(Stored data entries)
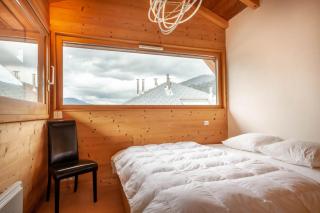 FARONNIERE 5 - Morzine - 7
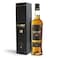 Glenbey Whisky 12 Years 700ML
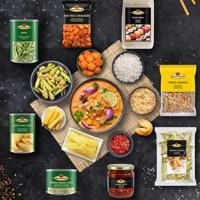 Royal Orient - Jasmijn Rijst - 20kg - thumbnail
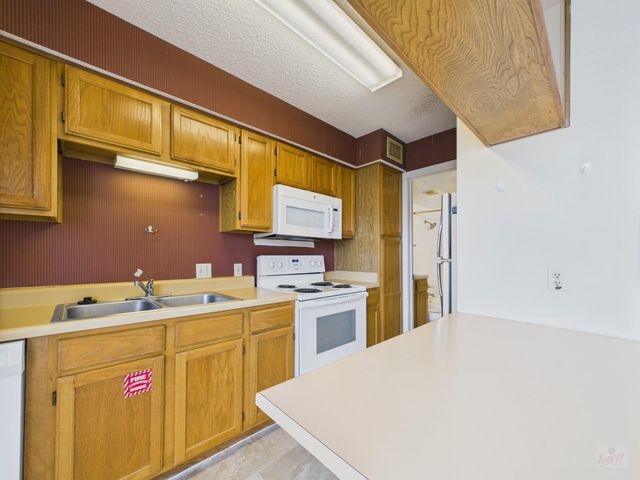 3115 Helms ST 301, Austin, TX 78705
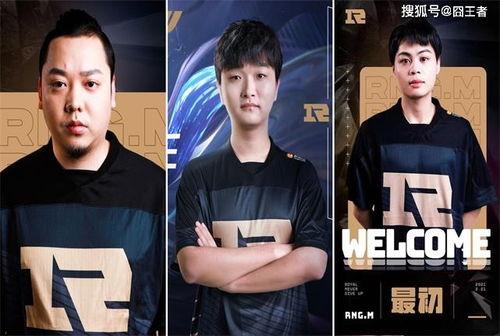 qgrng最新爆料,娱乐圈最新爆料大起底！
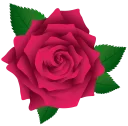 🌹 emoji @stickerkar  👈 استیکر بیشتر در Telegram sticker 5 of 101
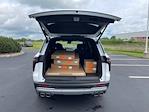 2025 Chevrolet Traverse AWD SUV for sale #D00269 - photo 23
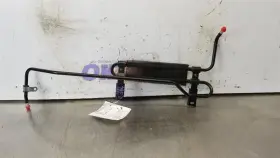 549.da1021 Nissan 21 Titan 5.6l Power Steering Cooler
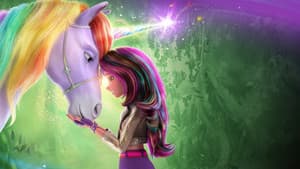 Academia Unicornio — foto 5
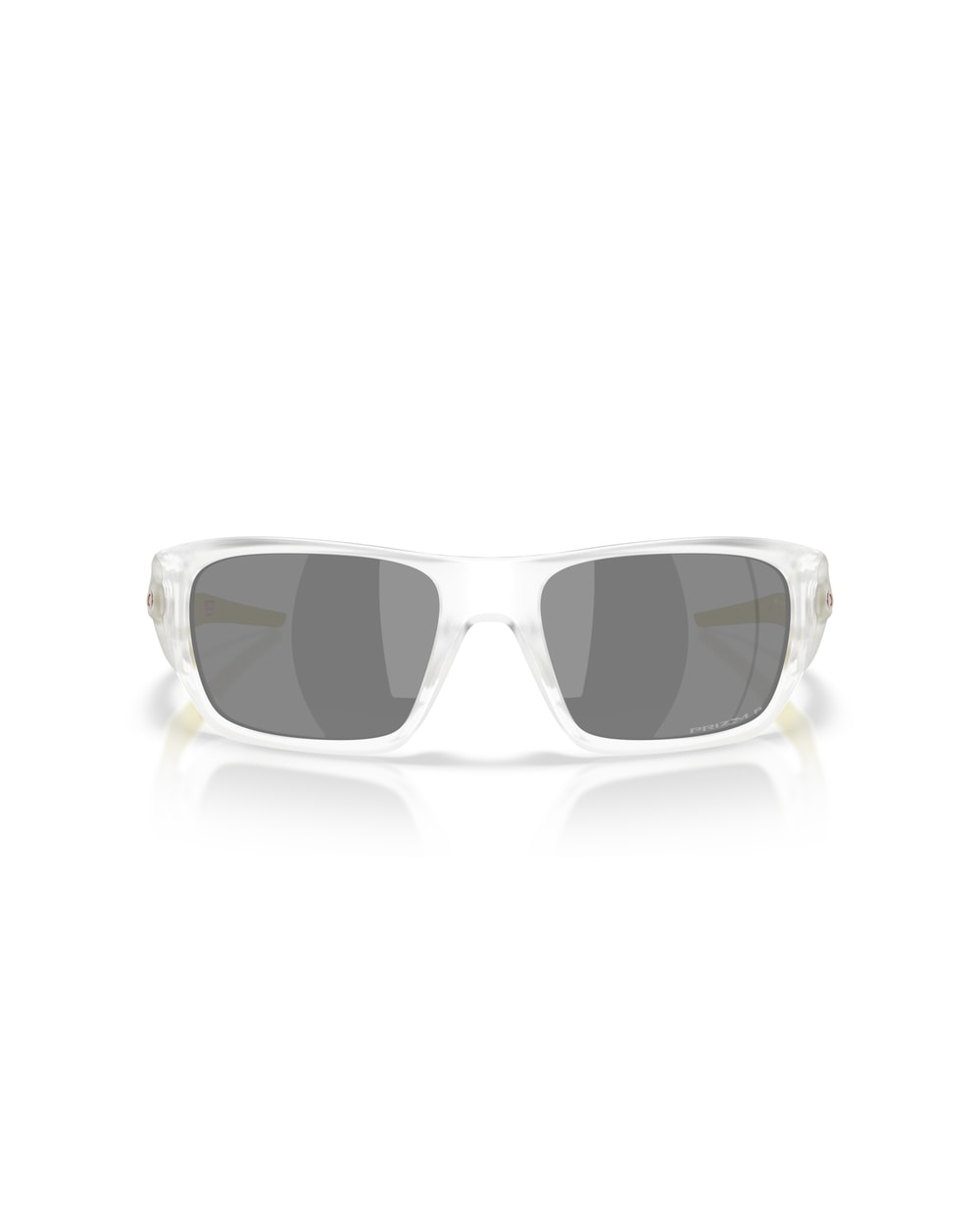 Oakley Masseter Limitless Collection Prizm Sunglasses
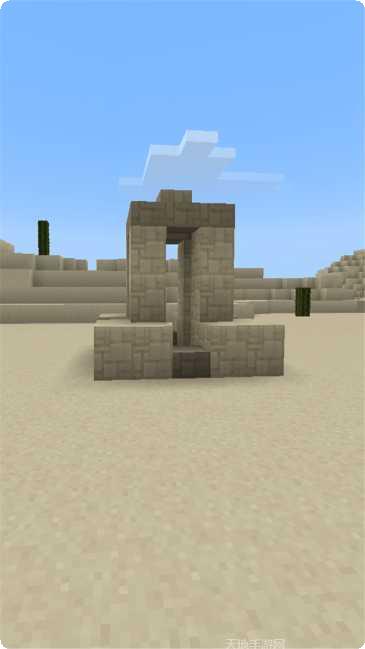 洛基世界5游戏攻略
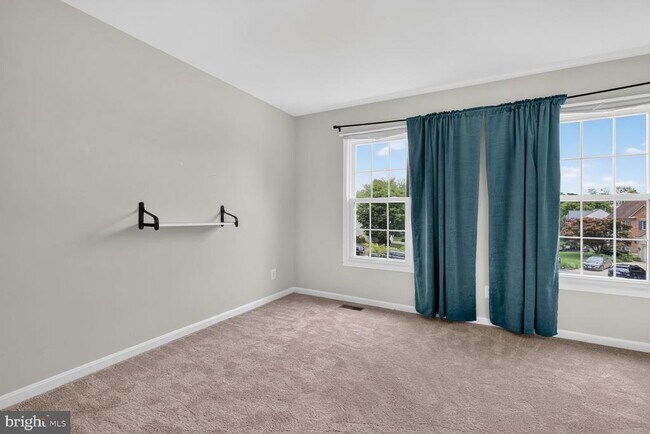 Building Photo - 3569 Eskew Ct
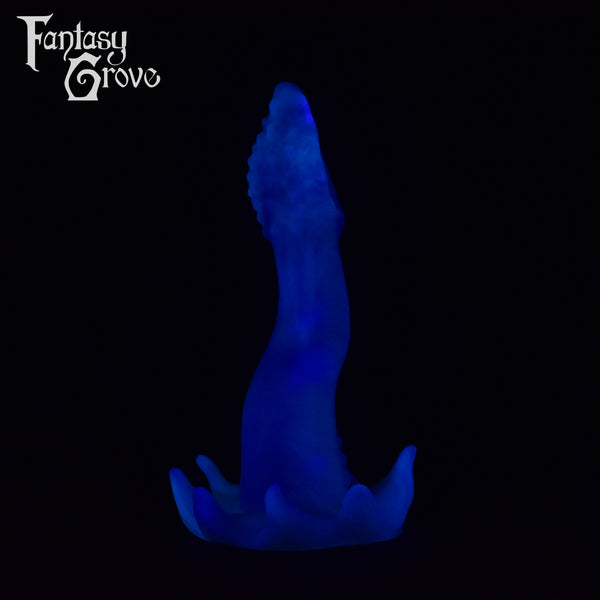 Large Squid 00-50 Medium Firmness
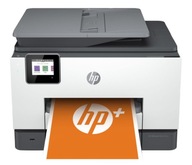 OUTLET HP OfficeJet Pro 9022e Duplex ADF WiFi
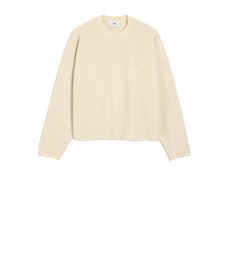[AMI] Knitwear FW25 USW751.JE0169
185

■ **TASK DIRECTIONS**: All the records above must be retyped exactly, except for their pictures.

■ **FINAL ANSWER**:
 FARONNIERE 5 - Morzine - 7
 Glenbey Whisky 12 Years 700ML
 Royal Orient - Jasmijn Rijst - 20kg - thumbnail
 3115 Helms ST 301, Austin, TX 78705
 qgrng最新爆料,娱乐圈最新爆料大起底！
 🌹 emoji @stickerkar  👈 استیکر بیشتر در Telegram sticker 5 of 101
 2025 Chevrolet Traverse AWD SUV for sale #D00269 - photo 23
 549.da1021 Nissan 21 Titan 5.6l Power Steering Cooler
 Academia Unicornio — foto 5
 Oakley Masseter Limitless Collection Prizm Sunglasses
 洛基世界5游戏攻略
 Building Photo - 3569 Eskew Ct
 Large Squid 00-50 Medium Firmness
 OUTLET HP OfficeJet Pro 9022e Duplex ADF WiFi
[AMI] Knitwear FW25 USW751.JE0169
185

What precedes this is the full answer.